ENTRIES SUPPLIED section start
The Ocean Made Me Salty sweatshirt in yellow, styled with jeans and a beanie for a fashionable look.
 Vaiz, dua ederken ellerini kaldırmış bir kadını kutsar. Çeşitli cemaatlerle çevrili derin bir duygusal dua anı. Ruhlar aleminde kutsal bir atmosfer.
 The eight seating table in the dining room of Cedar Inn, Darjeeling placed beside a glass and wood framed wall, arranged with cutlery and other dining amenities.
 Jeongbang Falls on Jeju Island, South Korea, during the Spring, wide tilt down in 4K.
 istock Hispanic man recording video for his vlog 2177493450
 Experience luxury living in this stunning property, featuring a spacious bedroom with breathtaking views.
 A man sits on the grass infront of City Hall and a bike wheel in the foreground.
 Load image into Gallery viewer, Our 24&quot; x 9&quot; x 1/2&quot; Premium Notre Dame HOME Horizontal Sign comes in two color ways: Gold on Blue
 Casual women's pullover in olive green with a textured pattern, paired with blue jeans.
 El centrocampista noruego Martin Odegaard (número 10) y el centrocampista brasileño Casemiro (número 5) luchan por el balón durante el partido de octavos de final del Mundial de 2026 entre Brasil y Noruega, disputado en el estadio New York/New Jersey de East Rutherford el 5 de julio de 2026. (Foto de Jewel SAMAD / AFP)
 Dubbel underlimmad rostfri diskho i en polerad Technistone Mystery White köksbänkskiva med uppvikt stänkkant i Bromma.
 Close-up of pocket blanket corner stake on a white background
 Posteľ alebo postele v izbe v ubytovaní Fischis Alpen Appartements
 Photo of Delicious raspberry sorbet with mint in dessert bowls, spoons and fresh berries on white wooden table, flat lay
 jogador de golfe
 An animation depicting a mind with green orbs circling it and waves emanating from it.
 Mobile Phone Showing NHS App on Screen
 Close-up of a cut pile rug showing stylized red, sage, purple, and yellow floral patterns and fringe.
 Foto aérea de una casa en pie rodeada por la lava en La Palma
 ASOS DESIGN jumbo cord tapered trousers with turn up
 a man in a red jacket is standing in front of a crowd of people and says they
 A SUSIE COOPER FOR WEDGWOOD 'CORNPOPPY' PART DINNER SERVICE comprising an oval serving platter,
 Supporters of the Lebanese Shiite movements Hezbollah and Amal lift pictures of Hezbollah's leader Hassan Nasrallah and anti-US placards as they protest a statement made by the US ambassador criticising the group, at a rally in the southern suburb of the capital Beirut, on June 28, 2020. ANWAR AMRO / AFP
ENTRIES SUPPLIED section end
PROBLEM DETAILS:
Reproduce only the lines above, starting at the line with "Posteľ alebo postele" and ending at the line with "A SUSIE COOPER", exactly as written.

EXERCISE RESULT:
 Posteľ alebo postele v izbe v ubytovaní Fischis Alpen Appartements
 Photo of Delicious raspberry sorbet with mint in dessert bowls, spoons and fresh berries on white wooden table, flat lay
 jogador de golfe
 An animation depicting a mind with green orbs circling it and waves emanating from it.
 Mobile Phone Showing NHS App on Screen
 Close-up of a cut pile rug showing stylized red, sage, purple, and yellow floral patterns and fringe.
 Foto aérea de una casa en pie rodeada por la lava en La Palma
 ASOS DESIGN jumbo cord tapered trousers with turn up
 a man in a red jacket is standing in front of a crowd of people and says they
 A SUSIE COOPER FOR WEDGWOOD 'CORNPOPPY' PART DINNER SERVICE comprising an oval serving platter,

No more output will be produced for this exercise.